Y se murió por fin
Miren esas caras: Franco acaba de morir, pero no son caras de alegría, tampoco de tristeza; son caras de incertidumbre, de perplejidad, de desasosiego; fíjense en la expresión de la única persona que mira a la cámara, ese hombre de la derecha de la imagen cuya cabeza sobresale por encima de dos mujeres jóvenes. “Y ahora qué”, pregunta. Viendo esa foto, es inevitable recordar de nuevo a Julio Cerón, aquel singular diplomático que a finales de los cincuenta fundó el FLP (Frente de Liberación Popular) y pagó con tres años y pico de cárcel su osadía antifranquista. “Cuando Franco murió, hubo gran desconcierto”, dijo. “No había costumbre”.

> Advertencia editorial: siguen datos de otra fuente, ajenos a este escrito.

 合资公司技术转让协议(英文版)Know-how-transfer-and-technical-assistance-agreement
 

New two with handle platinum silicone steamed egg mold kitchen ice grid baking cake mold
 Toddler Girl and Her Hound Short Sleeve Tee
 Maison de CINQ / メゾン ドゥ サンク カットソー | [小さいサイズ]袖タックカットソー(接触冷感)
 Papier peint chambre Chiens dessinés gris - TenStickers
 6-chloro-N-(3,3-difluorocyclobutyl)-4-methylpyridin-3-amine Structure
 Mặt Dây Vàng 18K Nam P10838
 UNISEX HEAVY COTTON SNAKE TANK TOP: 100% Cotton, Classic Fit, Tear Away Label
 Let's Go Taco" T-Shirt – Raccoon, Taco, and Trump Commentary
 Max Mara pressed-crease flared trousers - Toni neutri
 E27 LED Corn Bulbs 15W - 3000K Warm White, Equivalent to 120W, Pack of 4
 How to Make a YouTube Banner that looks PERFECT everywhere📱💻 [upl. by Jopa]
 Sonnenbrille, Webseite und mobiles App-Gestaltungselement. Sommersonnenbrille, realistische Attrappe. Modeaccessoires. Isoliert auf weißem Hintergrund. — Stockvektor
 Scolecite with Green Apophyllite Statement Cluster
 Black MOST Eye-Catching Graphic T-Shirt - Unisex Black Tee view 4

Hay quien piensa que la democracia era inevitable en España tras la muerte de Franco; asombrosamente, lo piensan incluso algunos protagonistas de aquel período. Es un espejismo teleológico. La democracia nunca es inevitable, y tampoco lo era en la España posfranquista; de hecho, algunos politólogos relevantes, como Giovanni Sartori, pensaban por entonces que los españoles no estábamos preparados para la democracia. El lema celebratorio de nuestro Gobierno –“España en libertad. 50 años”– comporta una falsedad flagrante. La muerte de Franco no representó el fin del franquismo; tampoco el principio de la democracia. El franquismo era robusto a la muerte de Franco, aunque no lo bastante robusto para imponerse al antifranquismo; el antifranquismo era robusto a la muerte de Franco, aunque no lo bastante para imponerse al franquismo. De ese empate de impotencias surgió en España la democracia. Esta no empezó tras la muerte de Franco: jurídicamente, empezó el 27 de diciembre de 1978, cuando se promulgó la Constitución tras haber sido aprobada en referéndum tres semanas antes; simbólicamente –es decir, realmente–, empezó a las seis y media de la tarde del 23 de febrero de 1981, en el hemiciclo del Congreso de los Diputados, cuando los tres políticos más determinantes para la instauración de la democracia, que durante la mayor parte de sus vidas no habían creído en ella –Adolfo Suárez, el general Gutiérrez Mellado, Santiago Carrillo–, decidieron jugarse el tipo por la democracia. En cuanto a mí, el asco insuperable que me produce la muerte me impide alegrarme incluso de la de un individuo tan siniestro y sanguinario como Francisco Franco.
La verdad: no sé qué demonios estamos celebrando.